Le roi Voltaire

Part 28

Chapter 283,403 wordsPublic domain

Le plaisir inquiet des raccommodements Est-il fait pour les vrais amants? Douce sérénité, sois toujours mon partage, Préside à mon bonheur ainsi qu'à mon amour. Ah! je n'ai pas besoin des horreurs d'un orage Pour savoir jouir d'un beau jour.

Je vous attends sous la figure de Minerve.

A THIERIOT.

Aristote a dit que la tragédie a été instituée pour purger les passions. Je le veux bien. Mais j'ai beau faire des tragédies, vous avez toujours des passions. Nicolle avait donc raison, dans son ignorance, d'écrire contre la tragédie. J'espère bien lui donner tort par mon troisième acte.

A MADAME ***.

J'irais bien, si je n'avais peur de vous y rencontrer.

Je crains les belles et les rois, Ils abusent trop de leurs droits, Ils exigent trop d'esclavage. Amoureux de ma liberté, Je ne veux plus être arrêté Par les chaînes que fuit le sage.

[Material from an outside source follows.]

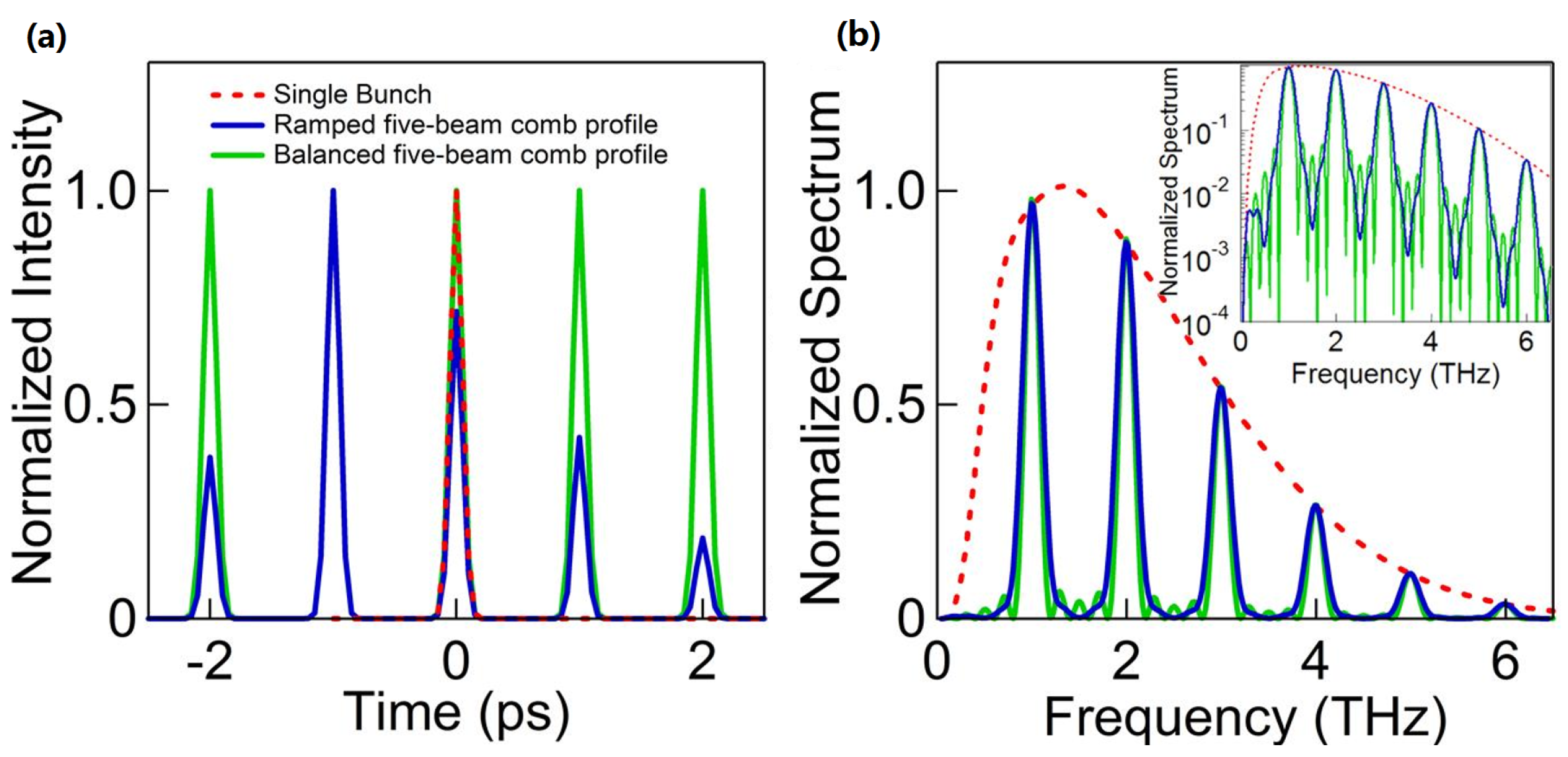 Applsci 06 00056 g001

Vous autres, vous brisez vos chaînes; mais nous, nous les traînons toujours.

A THIERIOT.

--1723.--

J'ai eu l'impertinence d'acheter les plus beaux tableaux de M. de _Nocé_, et en revenant dans mon trou, et considérant mes tableaux, mes ouvrages et moi, j'ai dit:

Vous verrez dans ce cabinet Du bon, du mauvais, du passable; J'aurais bien voulu du parfait, Mais il faut se donner au diable, Et je ne l'ai pas encor fait.

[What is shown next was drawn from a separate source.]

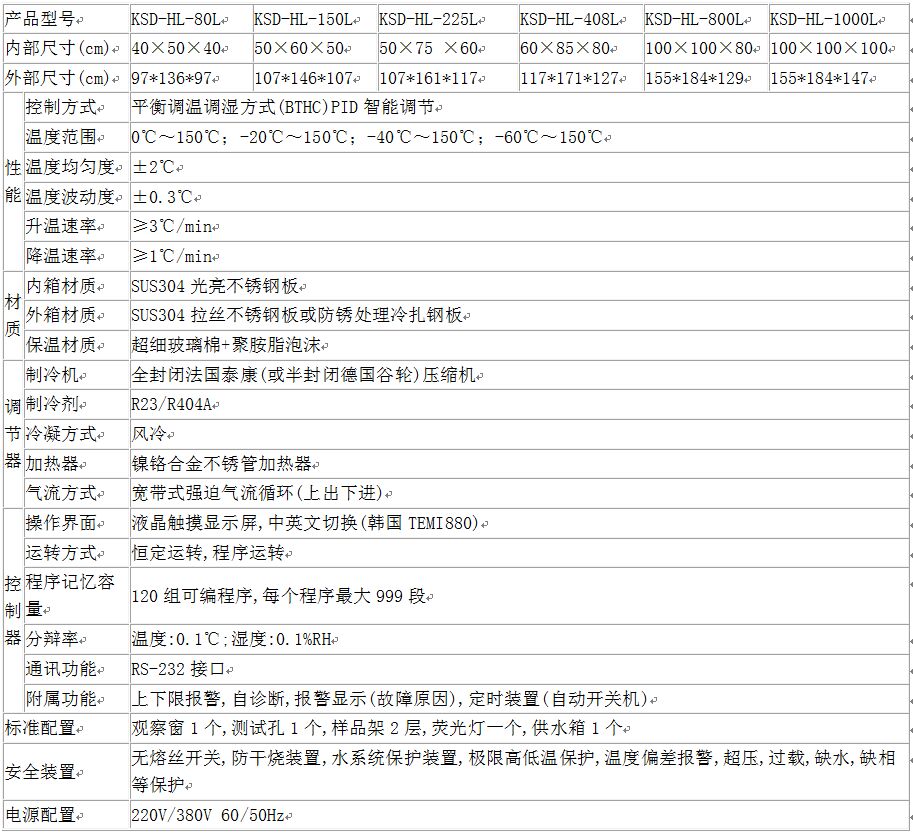 高低溫試驗箱技術參數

Adieu. Gardez-vous du parfait amour.

--1725.--

Ce matin je regardais mes tableaux. Vous ai-je dit que j'avais un Albane? C'est le _Voyage de Vénus_.

Le pinceau de l'Albane en ses heureux contours, Par deux cygnes brillants qu'il attelle avec grâce, Conduit la mère des Amours. Le cygne est un oiseau que j'aimerai toujours; Virgile en était un, et le divin Horace Lui-même s'est montré le cygne du Parnasse.

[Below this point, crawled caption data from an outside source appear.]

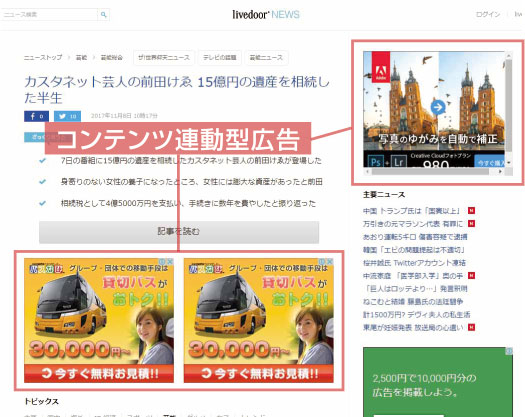コンテンツ連動型広告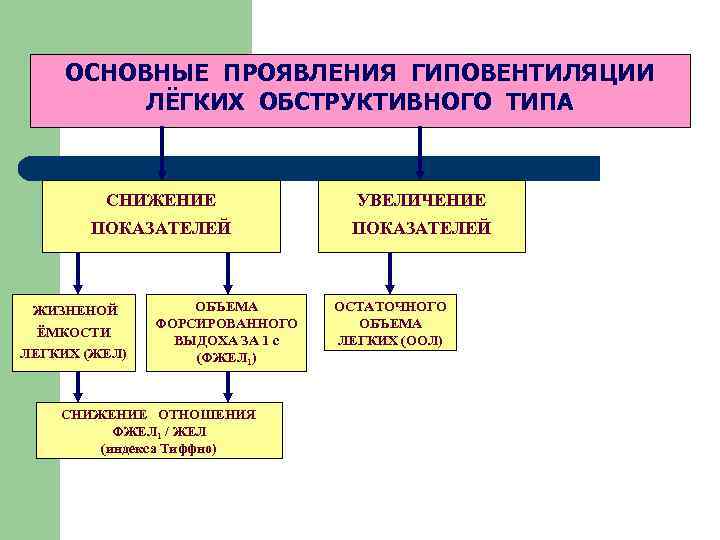  ОСНОВНЫЕ ПРОЯВЛЕНИЯ ГИПОВЕНТИЛЯЦИИ ЛЁГКИХ ОБСТРУКТИВНОГО ТИПА СНИЖЕНИЕ УВЕЛИЧЕНИЕ ПОКАЗАТЕЛЕЙ ЖИЗНЕНОЙ ОБЪЕМА ОСТАТОЧНОГО ФОРСИРОВАННОГО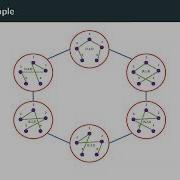 The Prüfer Sequences Graph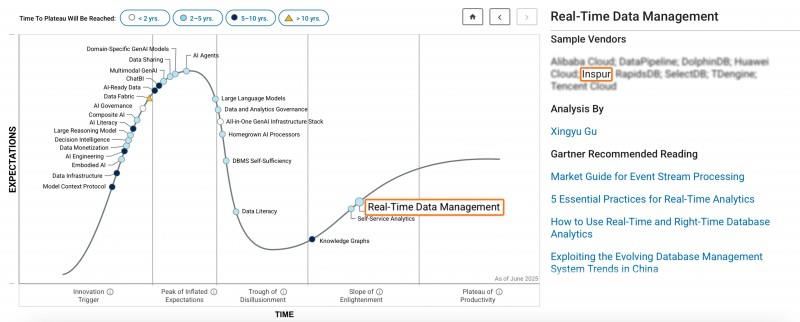 浪潮KaiwuDB 入選 Gartner DBMS “市場指南”及數(shù)據(jù)技術(shù)“成熟度曲線”雙報(bào)告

Je ne veux plus aimer que par les yeux, et je vous conseille de ne plus tomber que dans cette volupté qu'indique saint Paul, si vous ne voulez pas chanter bientôt le chant du cygne. Adieu.

AU MÊME.

Le mardi, de mon palais de la Bastille.

On doit me conduire demain ou après-demain de la Bastille à Calais. Je vous attends avec impatience, mon cher Thieriot. Venez sans perdre une heure. C'est peut-être la dernière fois que nous nous verrons. Je serai si loin de vous à Londres! Mais enfin je verrai le soleil, s'il passe par là.

A M. THIERIOT.

Près de Londres, le 27 mai 1727.

Mon cher Thieriot, j'ai reçu bien tard, à la campagne où je suis retiré, votre charmante lettre du 1er avril. Vous ne sauriez imaginer avec quel chagrin j'ai su votre maladie; mon amitié, pour ce qui vous regarde, passe les limites d'une amitié ordinaire. Rappelez-vous le temps où je vous écrivais que je pensais que vous deviez avoir la fièvre parce que je sentais le frisson; ce temps est revenu. J'étais très-malade en Angleterre quand vous souffriez tant en France, et votre absence ajoutait encore plus d'amertume à mes souffrances. A présent j'espère que vous êtes mieux, puisque je commence à revivre.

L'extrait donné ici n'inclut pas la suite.